Information supplied.

........

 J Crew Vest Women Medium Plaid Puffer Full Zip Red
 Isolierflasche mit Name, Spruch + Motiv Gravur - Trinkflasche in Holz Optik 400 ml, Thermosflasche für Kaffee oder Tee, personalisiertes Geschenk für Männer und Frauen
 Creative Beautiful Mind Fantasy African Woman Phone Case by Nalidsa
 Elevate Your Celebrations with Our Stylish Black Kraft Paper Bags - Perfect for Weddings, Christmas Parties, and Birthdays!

........

What is expected.
Would you return exactly, and only, the lines beginning at the one with "Isolierflasche mit Name, Spruch" and ending at the last line of the listing?

Solved problem.
 Isolierflasche mit Name, Spruch + Motiv Gravur - Trinkflasche in Holz Optik 400 ml, Thermosflasche für Kaffee oder Tee, personalisiertes Geschenk für Männer und Frauen
 Creative Beautiful Mind Fantasy African Woman Phone Case by Nalidsa
 Elevate Your Celebrations with Our Stylish Black Kraft Paper Bags - Perfect for Weddings, Christmas Parties, and Birthdays!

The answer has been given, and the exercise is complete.